Bu o kadar utanç verici hale geldi ki, bazı firmalar özelliklede bir diğer rakip firmayı karalamak için uğraşı alanları içindeki gıdalarla ilgili yanlış bilgileri insanlara iletiyorlar. Bunun adına da rekabet diyorlar.
Onun için insanlar internetteki bu bilgileri alıp uygulayacakları zaman çok dikkatli olmalı ve bir yanlışın parçası olmamaya çalışmalılar. Konuyla ilgili bilimselliği ve inandırıcılığı olan kişilere başvurmalılar.
Doğru bilgileri de aynen doğa gibi bozuyoruz. Zamanla doğa kirliliği gibi bilgi kirliliği de oluşacaktır. Bir süre sonra doğayı nasıl şimdiki gibi temizlenemeye-cek hale getirdiysek bilgilerimizi de, doğru düşüncelerimizi de artık onarılamayacak noktaya taşıyacağız.

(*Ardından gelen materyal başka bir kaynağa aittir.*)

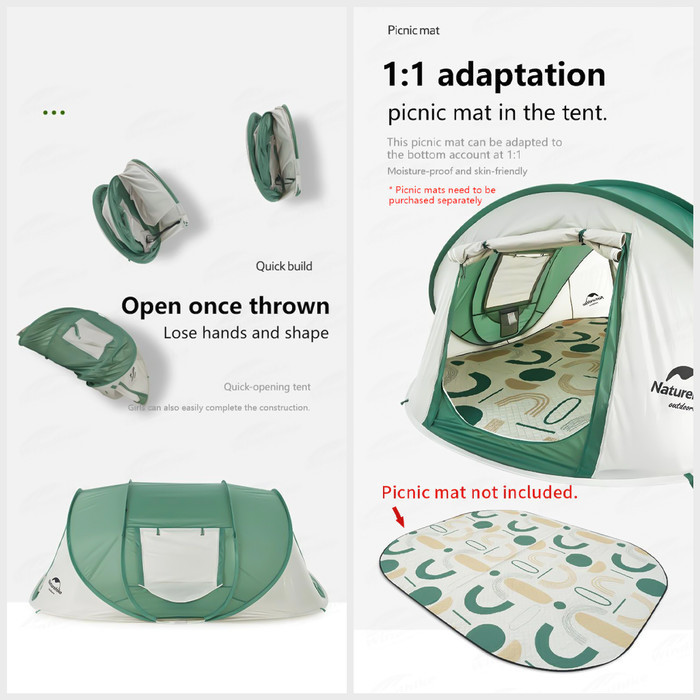Tenda Camping Pop Up Naturehike Cnh22Zp006 Hand Pop Up Tent 3-4P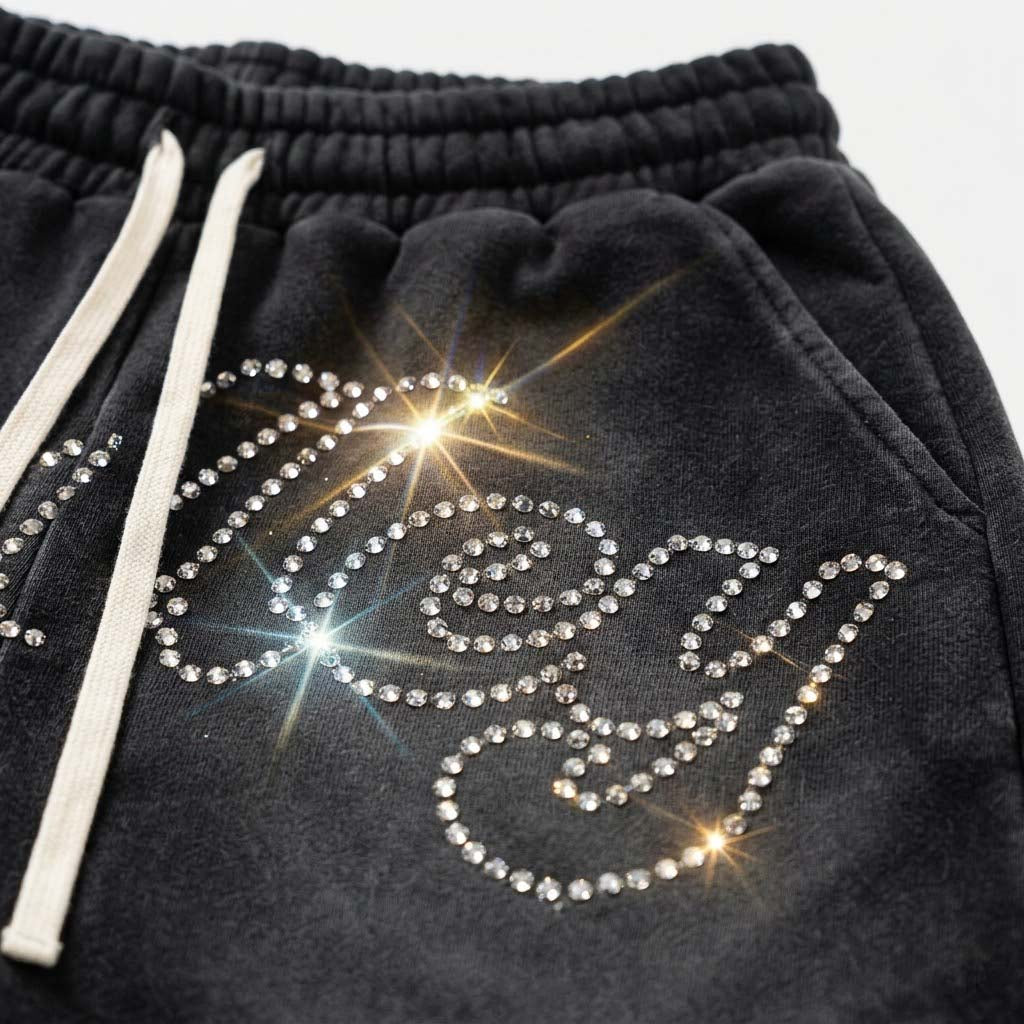 Valley Nighttime Drive Rhinestone Craft T-shirt And Shorts Sets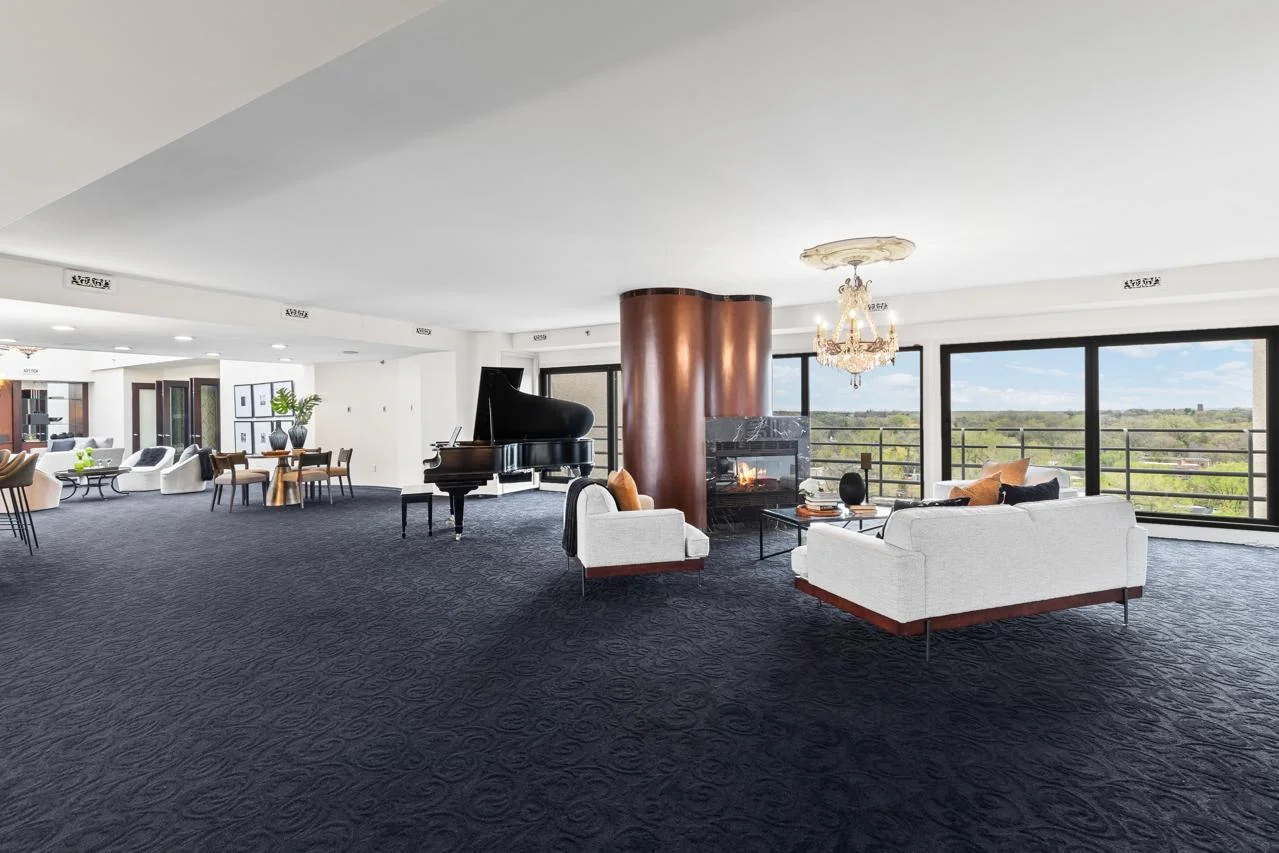 Living Room flows into Music Room and has access to Balcony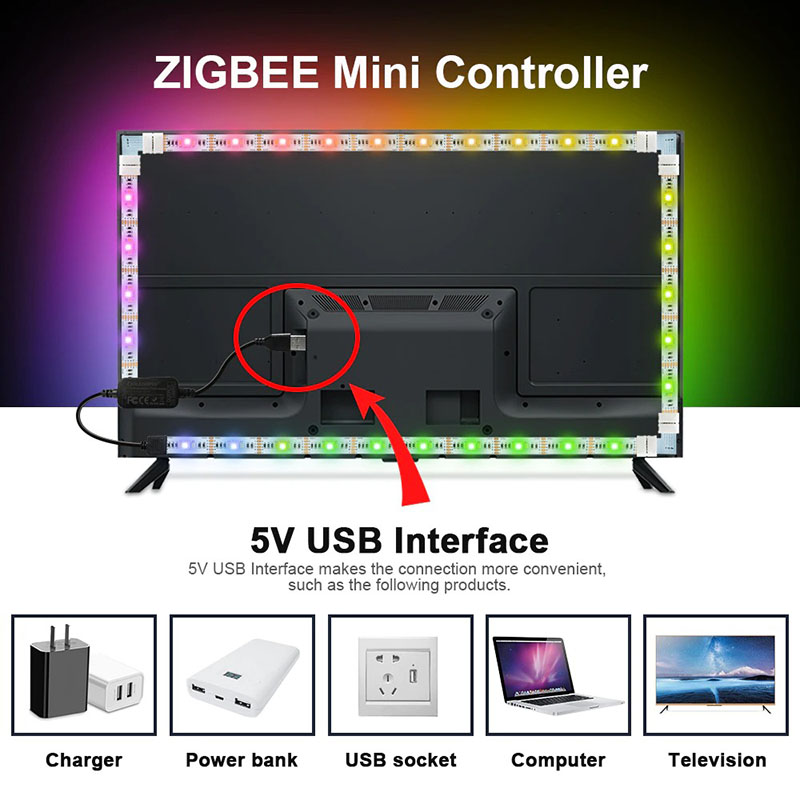 DC5V ZigBee RGBCCT Mini USB Controller Smart TV LED Strip Light Kit DC5V ZigBee RGBCCT Mini USB Controller Smart TV LED Strip Light Kit
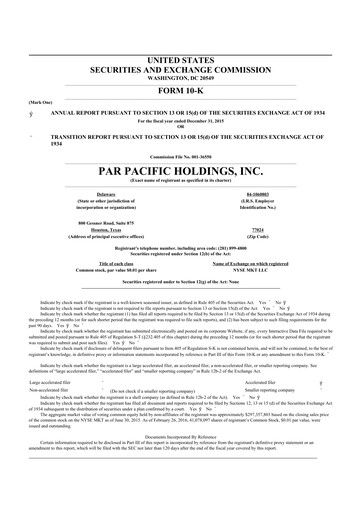Thumbnail Par Pacific Holdings 10-K Annual Report 2015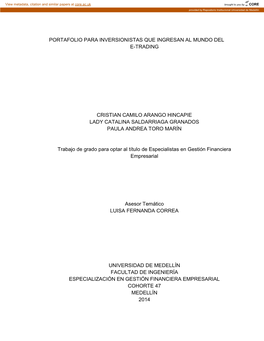 Portafolio Para Inversionistas Que Ingresan Al Mundo Del E-Trading Cristian Camilo Arango Hincapie Lady Catalina Saldarriaga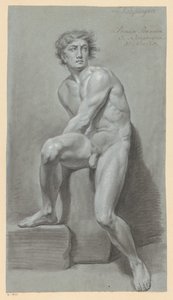 Sitzender männlicher Akt, von vorne gesehen (1. Preis 1791) von Jan Kamphuijsen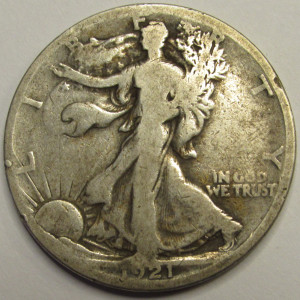 1921 S Walking Liberty Half Dollar - scarce San Francisco mintmark coin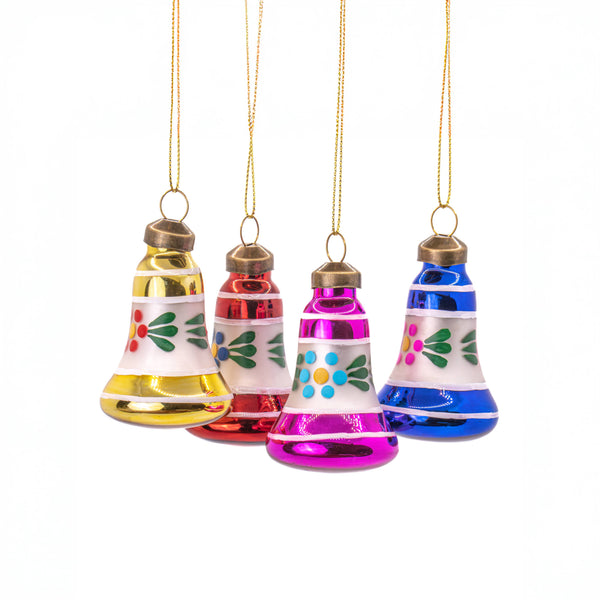Vintage Bells Christmas Ornaments 4-Pack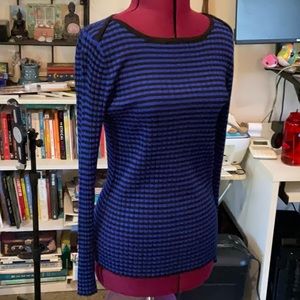 Cable and Gauge Blue/Black Striped Sweater Large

Geleceğin dünyasını doğası kirli, bilgileri kirli, giderek insanlığını da kirletecek hale getirmeyelim.
Özellikle yaşadığımız bu ülke dünyanın en güzel ülkesi ve coğrafyası.
Buradaki güzellikleri; güneşini, çiçeğini, tarlasını, denizini, kuşunu, balığını, dostluğunu, örfünü, adetlerini, sevgisini, türkülerini, vefasını, arkadaşlıklarını, komşularını ve komşuluklarını bozmayalım.
Ve bu coğrafyaya yakışan insanlar olalım.
Haftanın sözü
“İnsanoğlu umutsuzluktan umut yaratandır.”